Stephanie shares with us her expectations of becoming a Teaching Assistant and how this role has changed her perspective on learning.
Being fairly new the to the teaching assistant game, I really had no idea what to expect out of working in schools. All I knew was that I felt drawn to it and wanted to be of service to the community.
My first assignment for a reception class left me feeling a mixture of excitement and apprehension. What was I getting myself into? What if all the children were just too much and I wouldn’t be able to handle it?
Just give it a go, I told myself, just see what happens, keep an open mind.
So I went into my first class with a sense of anticipation, a glimmer of fear, and a determination to take things in my stride. For context, my previous experience had been with much older children so being around so many little ones was entirely new territory. My only frame of reference was that my niece is also reception age.
Mentally I had set the bar low, expect the worst and everything else will be a bonus, I told myself. I think this strategy was actually quite helpful as my first day was one of the most rewarding experiences I had had in a long time.
My expectations of working in schools had been a little vague. I hoped that it would be the rewarding experience that others talked of and that I would be able to handle anything that came up. I was concerned about my own ability to manage behaviour and communicate with children so young.

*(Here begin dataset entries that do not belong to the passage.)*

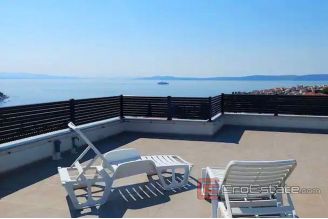 012 5154 30 Ciovo apartment with sea view for sale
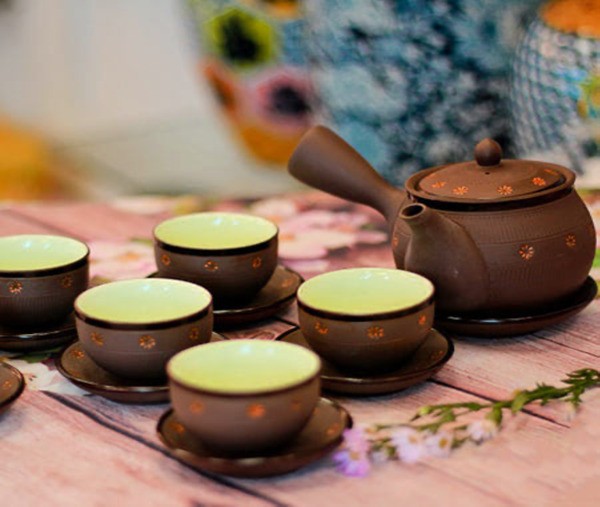 Hướng Dẫn Phân Biệt Gốm Sứ Anh Và Gốm Sứ Việt Nam Theo Ý Kiến Của Chuyên Gia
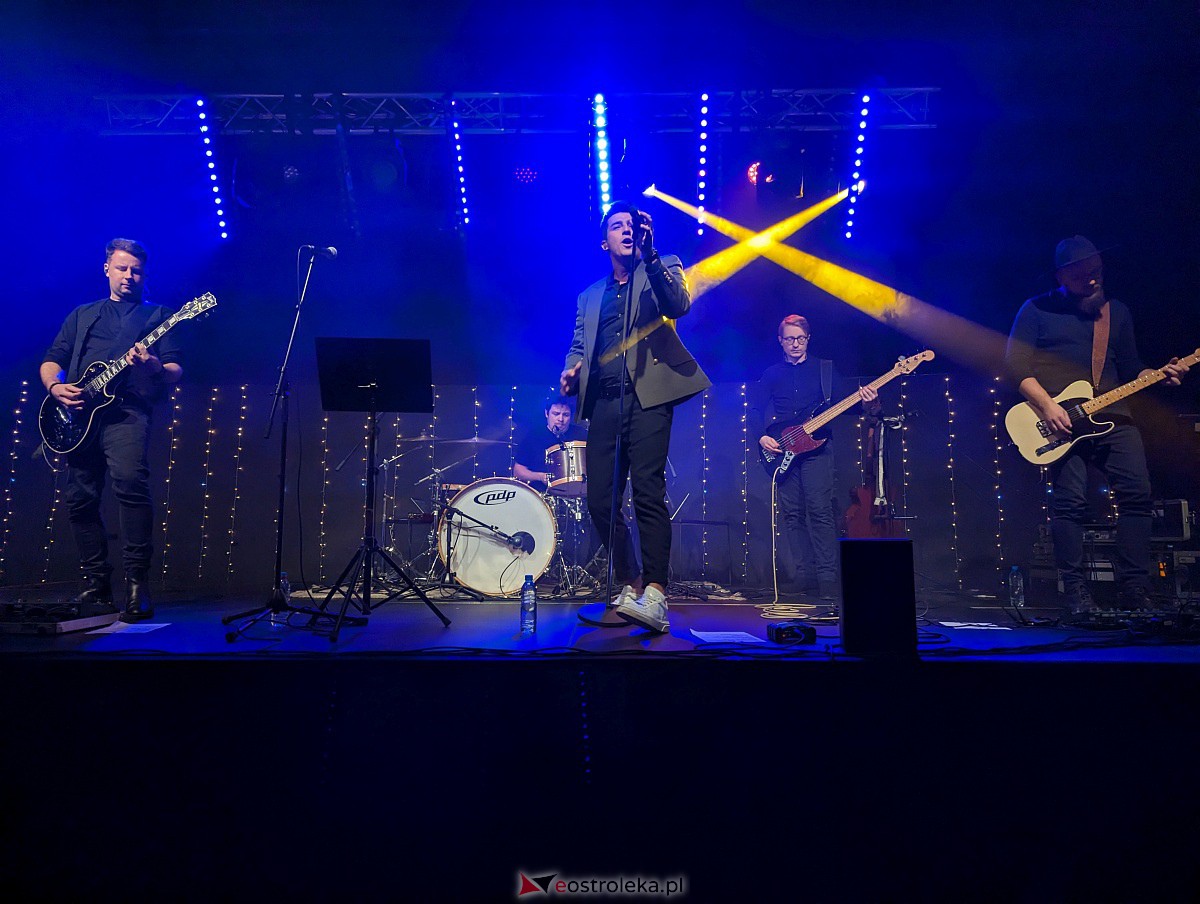 Co za koncert! Filip Lato i Patrycja Kosiarkiewicz wystąpił w Multimedialnym Centrum Natura [10.12.2023] - zdjęcie #9 - eOstroleka.pl
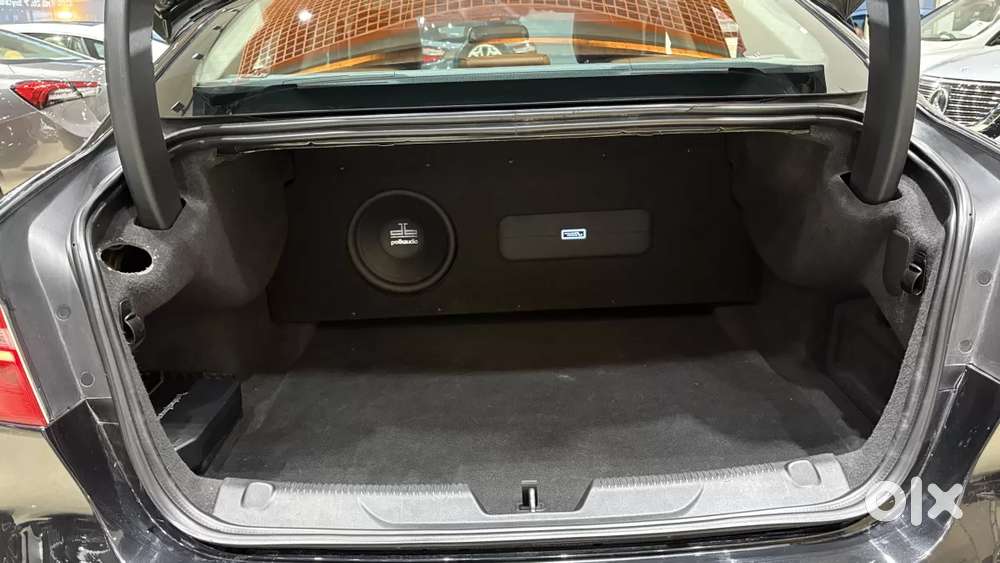 Jaguar Xe Portfolio, 2017, Petrol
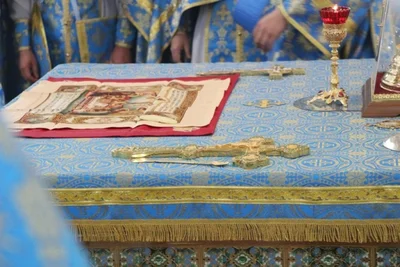 Митрополит Викентий совершил Божественную литургию во Владимирском соборе Бишкека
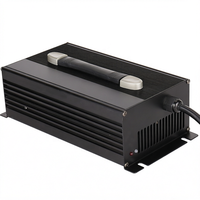 Chargeur de batterie Li-ion haute puissance 92,4 V 10 A 15 A pour trottinettes électriques et vélos électriques, compatible avec les packs de batteries au lithium (Li-ion) 22S 81,4 V/81,8 V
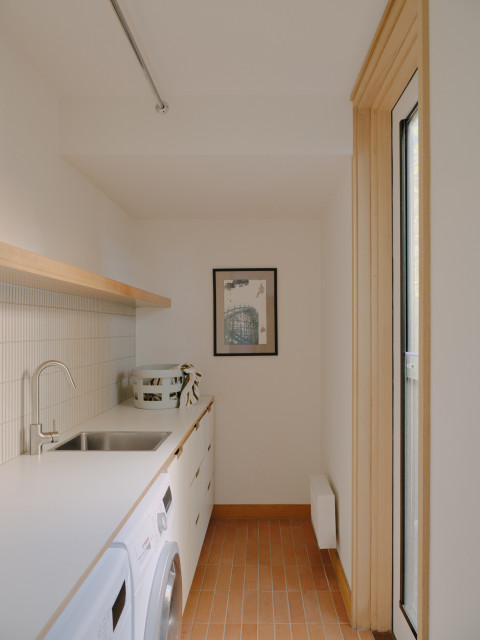 Ivanhoe House contemporary-service-yard
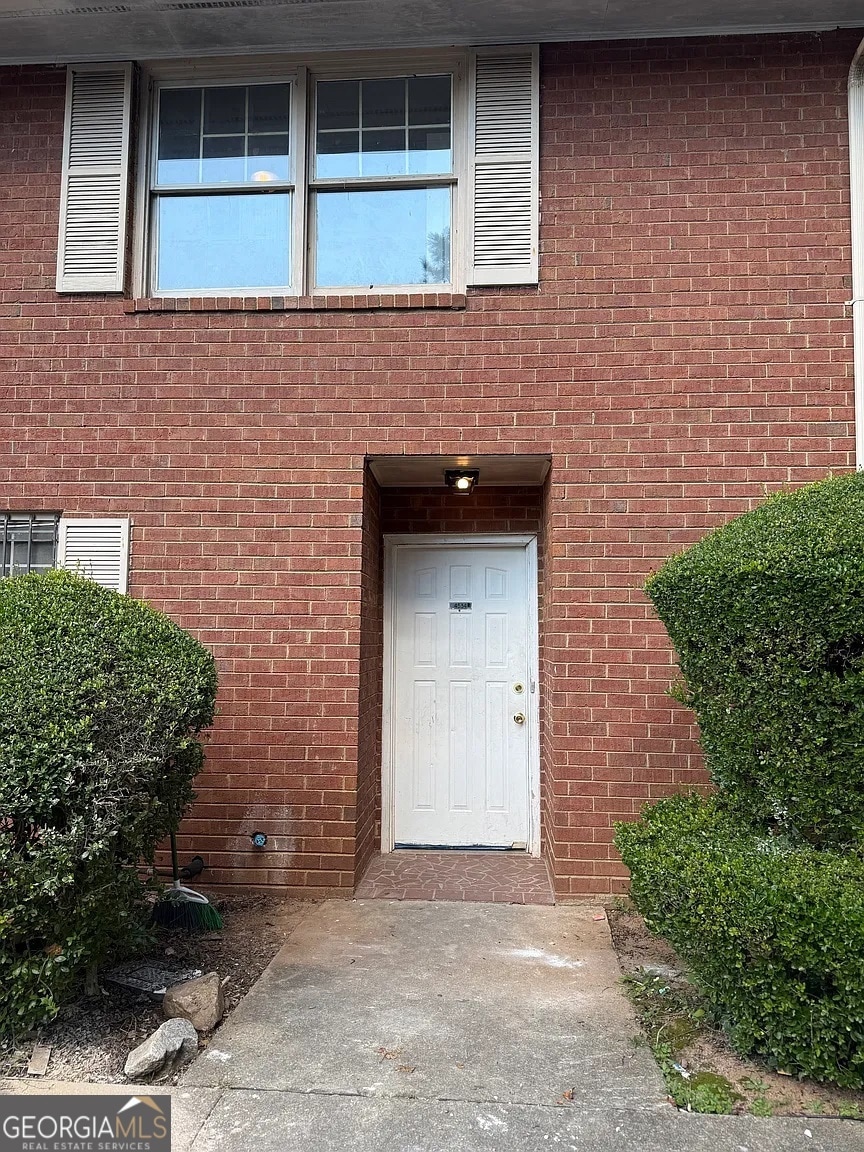 Classic brick-front townhouse with private entry and mature landscaping in the quiet Snapfinger Golfview community.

However I was completely delighted to discover I enjoyed it as much as I did. The children, despite being prewarned that they were a challenging class, were wonderful to be around. I found that I laughed more than in any other job I’ve had previously, and that their progress made me feel proud of them and that was a lovely feeling.
I have been working with a same school for a few weeks now and with each passing week I become more and more familiar with them all as I assist in helping them develop to the next stage, supporting the class in whatever needs to be done.
But the major game changer for me and the thing that has shifted my perspective on what’s really important in learning and life has come from interacting with these amazingly funny and talented young children. Through witnessing their achievements and their victories, I have realised that there is always potential to learn, no matter the circumstances or what stage we are at in our lives.
We can always strive to do and be more. Learning is a lifelong passion and working with others is a life skill that is forever tested and honed, in school and in the adult world.
Mostly I am grateful that I have been given the opportunity to assist and offer service to perhaps the most noble cause of all, shaping the next generation. Simply by being part of the system that moulds the minds of tomorrow, I have been given the opportunity to expand my own experiences and develop myself as a person by helping other people develop also.